The Poisonwood Bible Page 10

The church building, scene of our recent feast, resides at one end of the village. At the other end, our own house. And so when the Price family strolls to church we are able en route to peer straight into each and every villager’s house. Every house has only a single square room and a thatched roof, under which might dwell the likes of Robinson Crusoe. But no one here stays under a roof. It is in the front yards—all the world’s a stage of hard red dirt under bare foot—where tired thin women in every thinkable state of dress and disrepair poke sticks into their little fires and cook. Clumps of children stonethrowing outflowing rush upon terrified small goats, scattering them across the road so that the goats may tiptoe back and be chased again. Men sit on buckets and stare at whatsoever passes by. The usual bypasser is a woman sauntering slowly down the road with bundles upon bundles balanced on her head. These women are pillars of wonder, defying gravity while wearing the ho-hum aspect of perfect tedium. They can sit, stand, talk, shake a stick at a drunk man, reach around their backs to fetch forth a baby to nurse, all without dropping their piled-high bundles upon bundles. They are like ballet dancers entirely unaware they are on stage. I cannot take my eyes from them.

Whenever a woman leaves her wide-open-to-the-world yard to work her field or saunter off on an errand, first she must make herself decent. To do this, even though she is already wearing a wraparound skirt, she will go and get another large square of cloth from the house, which she wraps around her first skirt—covering her legs right down to the instep of her foot—into a long, narrow sarong tied below her bare breasts. The cloths are brightly printed and worn together in jangling mixtures that ring in my ears: pink gingham with orange plaid, for example. Loose-joint breaking-point colors, and whether you find them beautiful or find them appalling, they do make the women seem more festive, and less exhausted.

Backdrop to the Kilanga pageant, rising up behind the houses, a tall wall of elephant grass obscures our view of anything but the distance. The sun suspended above it in the afternoon is a pink, round dot in the distant white haze you may stare at and never go blind. The real earth where the real sun shines seems to be somewhere else, far from here. And to the east of us, behind the river, a rising rumple of dark green hills folded on each other like a great old tablecloth, receding to pale hazy blue. “Looming like the Judgment,” says our mother, pausing to wipe her damp forehead with the back of her hand.

“It’s a place right out of a storybook,” my twin sister, Leah, loves to declare in response, opening her eyes wide and sticking her short hair behind her ears as if to hear and see every little thing oh so much better. “And yet this is our own family, the Prices, living here!”

Next comes this observation from my sister Ruth May: “Nobody here’s got very many teeth.” And finally, from Rachel: “Jeez oh man, wake me up when it’s over.” And so the Price family passes its judgments. All but Adah. Adah unpasses her judgments. I am the one who does not speak.

Our Father speaks for all of us, as far as I can see. And he is at the moment not saying much. His hammer turned out to be a waste of two or three good pounds, because there appear to be no nails in the mud-and-thatch town of Kilanga.The wide-open building that serves as church and school was built of concrete-block pillars holding up a. roof of palm thatch and billowy clouds of scarlet bougainvillea. By now it all seems more or less welded together by its own decay. Our house is also mud, thatch, cement, and flowering vines. Leah in her earnest way helped him scout around for a project, but alas he found nothing worth pounding at, anywhere. This was a great disappointment to Our Father, who likes to repair things between Sundays.

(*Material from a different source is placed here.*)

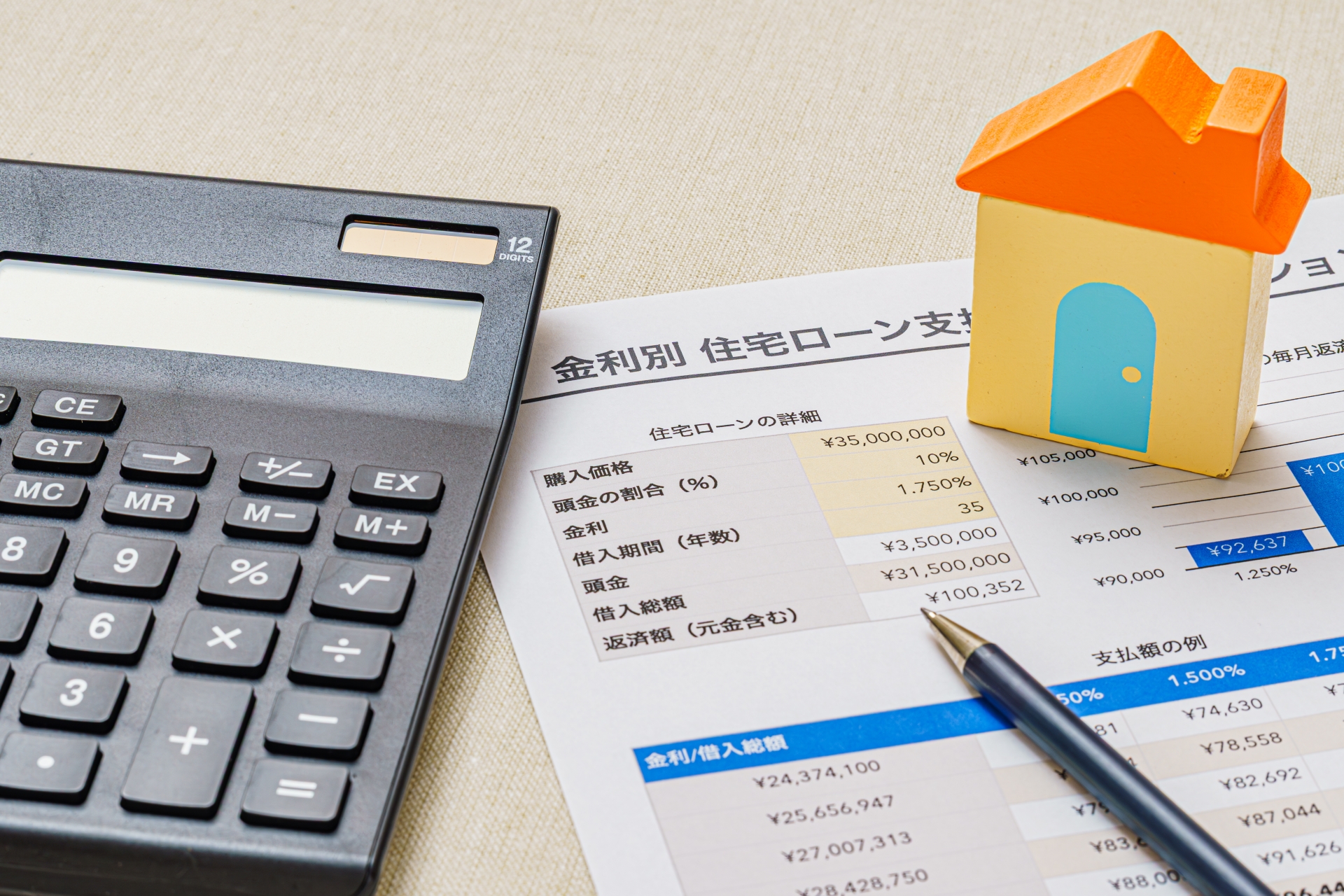 未来を見据えた住まい選び「フラット50」徹底解説とフラット35比較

Yet here we are to stay. The bush plane that dropped down into the field to leave us here went right away again, and there will be no more coming-going until that same plane returns again. We asked about the dirt road through the village and were told it stretched all the way to Leopoldville. I doubt it. A short way on either side of our village the road falls into a frenzy of hard dirt ruts that look like ocean waves frozen solid in the middle of a tempest.

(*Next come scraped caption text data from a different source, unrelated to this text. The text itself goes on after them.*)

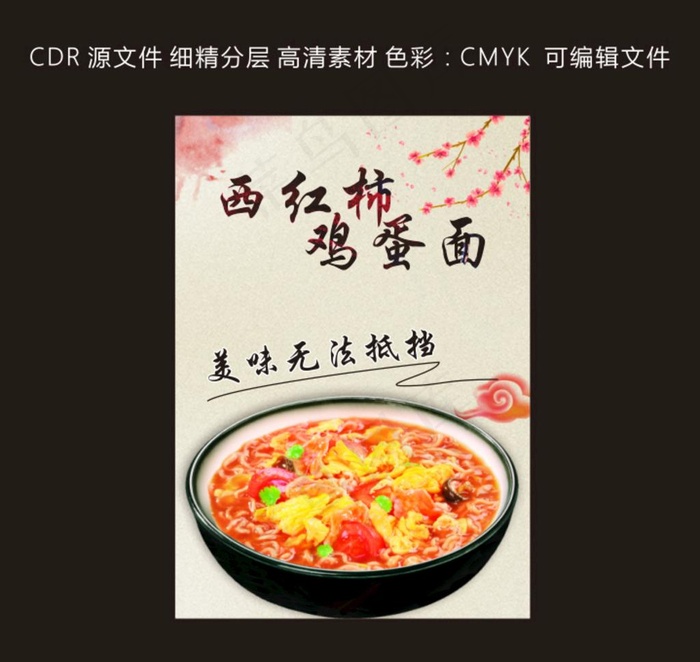 西红柿鸡蛋面海报图片cdr矢量模版下载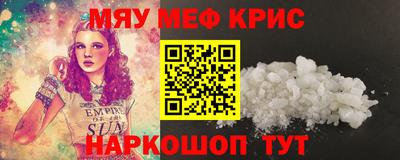 амфетамин Наро-Фоминск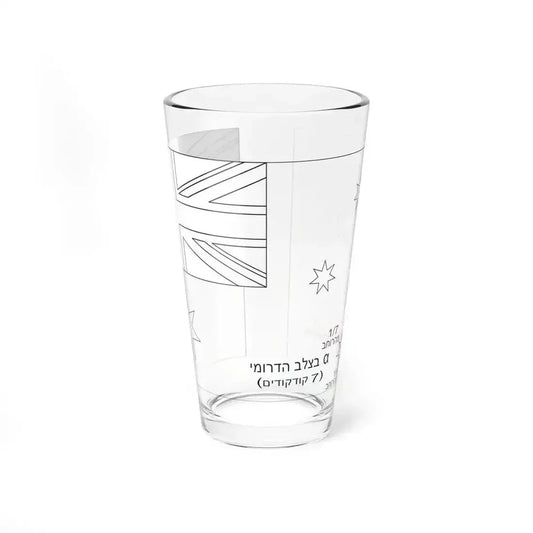 Flag of Australia template-Alpha-he (Australia) Pint Glass 16oz 16oz - Go Mug Yourself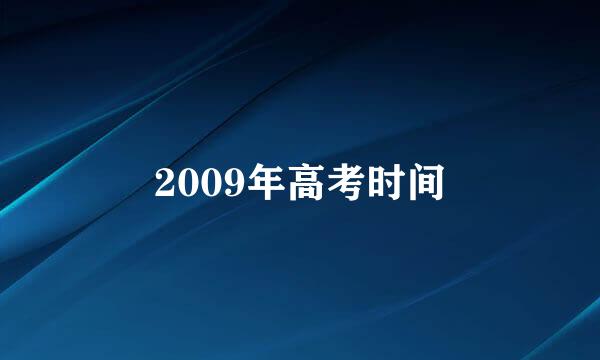 2009年高考时间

Our Father says in the great beyond nearby there are probably swamps you could sink a battleship in, not to mention a mere automobile. We do see vestigial signs of automobiles in our village, but they resemble the signs of life you would dig up in a graveyard if you were inclined to that pastime. Which is to say: parts dead and rusted, scattered around and used not for transportation but for anything but. On a walk one day with Our Father he pointed out for his daughters’ edification a carburetor air-filter lid boiling a family’s dinner over a cookfire, and a Jeep muffler being put to use by six boys at once, as a drum.